Non-drug treatment of low back pain
Non-pharmacological options for treating low back pain include regular physical exercise, chiropractic, behavioral therapy, acupuncture, ti chi, and yoga. According to current research, the most effective physical activity (appropriate duration and intensity) to control back pain is resistance training. In addition, obese people may find it beneficial to discuss with a dietitian how to control weight to prevent low back pain.
Thermotherapy (heating) and cryotherapy (cooling) are used to treat various back pains. Heat therapy (for example, using a heating pad) can increase blood flow and tissue temperature, thereby reducing muscle tension and alleviating pain. Cooling therapy (for example, using a cold pack) can reduce inflammation and tissue metabolism, helping to reduce muscle spasms and strains. Long-term ice or heating, such as more than 20 minutes, can cause skin damage, such as frostbite and ulcers.

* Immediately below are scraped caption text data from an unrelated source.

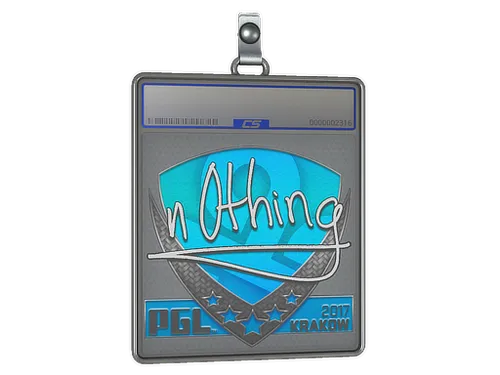 Sticker Slab | n0thing | Krakow 2017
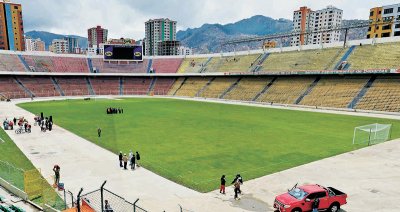 Club Bolivar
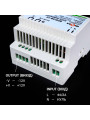 Блок питания Biom Professional на DIN-рейку DC 12V 60W 5A (BPD-60-12), 100021768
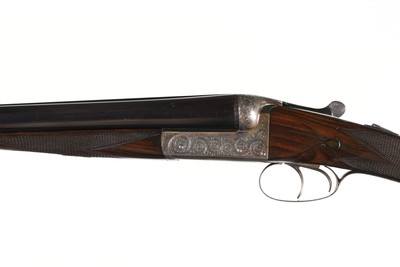 T. Wild Live Pigeon SXS Shotgun 12GA - Image 4 of 6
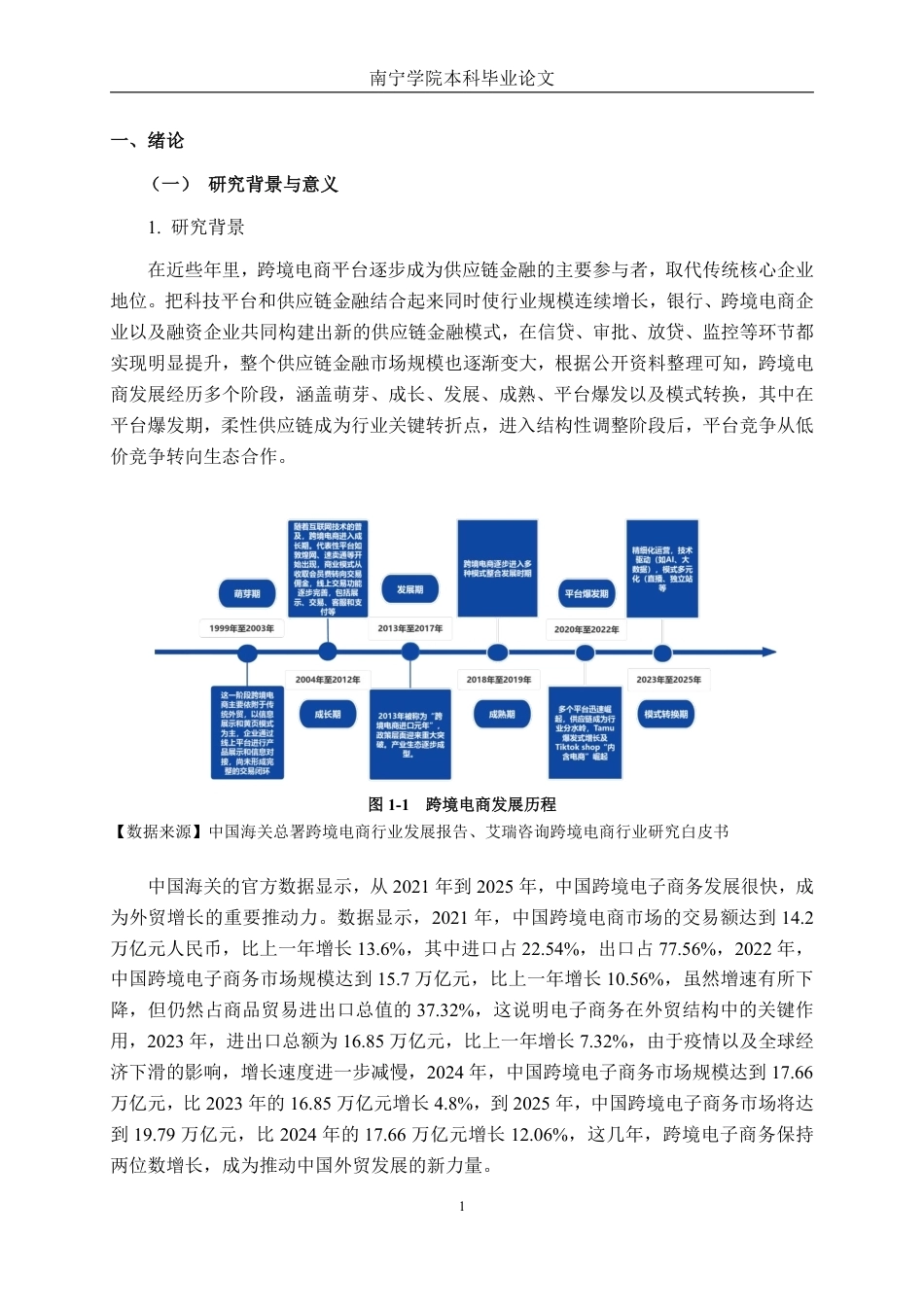 26年CH经济与金融 京东国际跨境电商供应链金融风险管理研究终稿全日制-约16988字符.pdf_第4页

Studies have shown that physical therapy exercises are extremely beneficial for the treatment of low back pain. The McKenzie method is one of the most effective physical therapy exercises to treat back pain. In the 1950s, Robin Anthony McKenzie designed a variety of spinal exercises. Some spinal extension exercises involved in the treatment of low back pain include standing lumbar extension, prone position with hand support, and prone position with elbow support.
Seeing a physical therapist to treat your long-term pain may be beneficial to your health. Current research continues to look for various options for the treatment of low back pain. Always consult a doctor for the best pain management plan.